ASSIGNMENT |
Every line below from the one with "Mép chồng tôn" through the one with "Auberge Micky Inc Edmundston Exterior foto" is to be repeated exactly, with no picture among them.

TASK INPUTS |
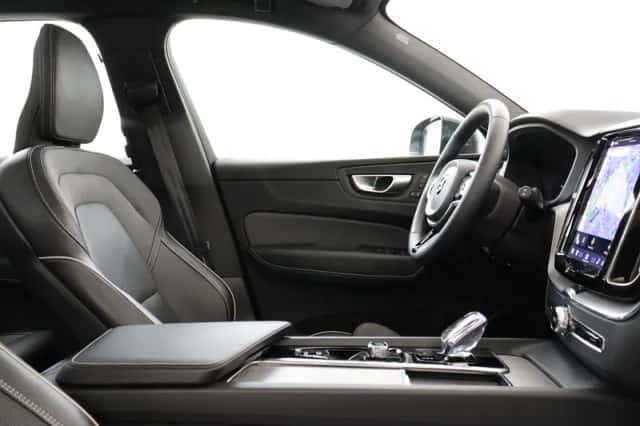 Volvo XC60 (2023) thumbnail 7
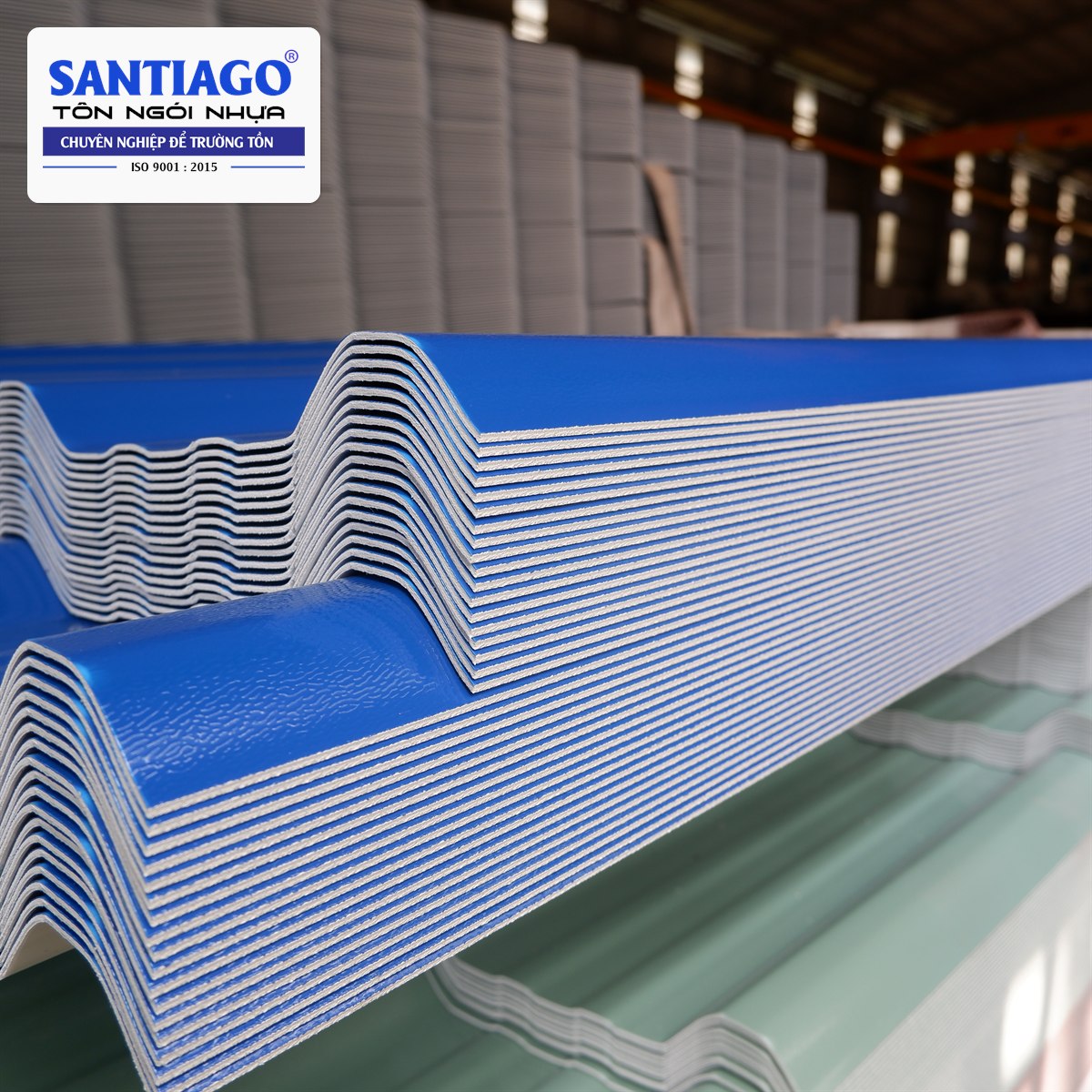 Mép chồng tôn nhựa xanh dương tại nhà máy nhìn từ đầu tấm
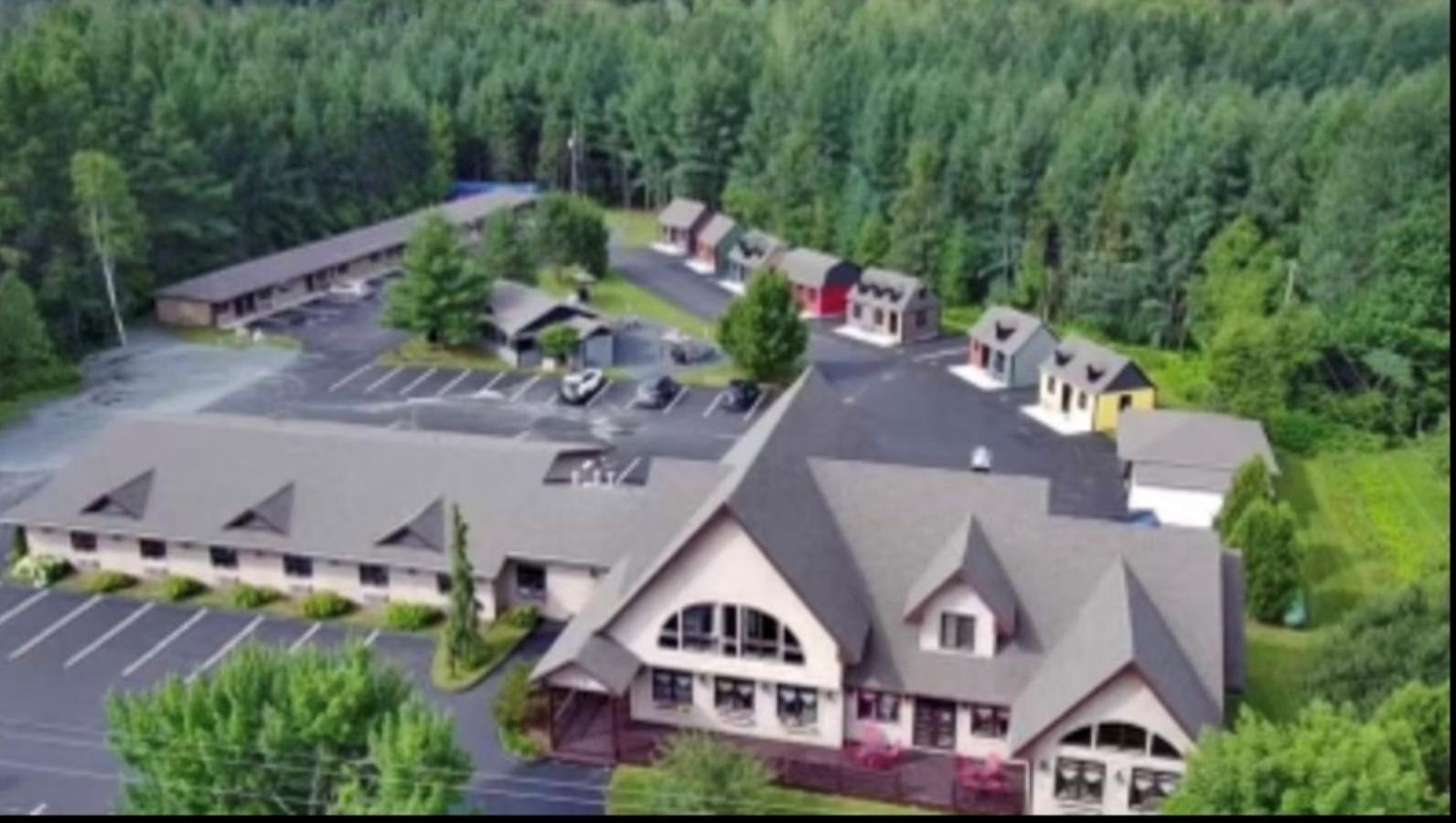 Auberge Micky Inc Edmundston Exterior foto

* * *

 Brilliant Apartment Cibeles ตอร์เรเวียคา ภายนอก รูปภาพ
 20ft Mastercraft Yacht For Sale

ANSWER SPACE |
 Mép chồng tôn nhựa xanh dương tại nhà máy nhìn từ đầu tấm
 Auberge Micky Inc Edmundston Exterior foto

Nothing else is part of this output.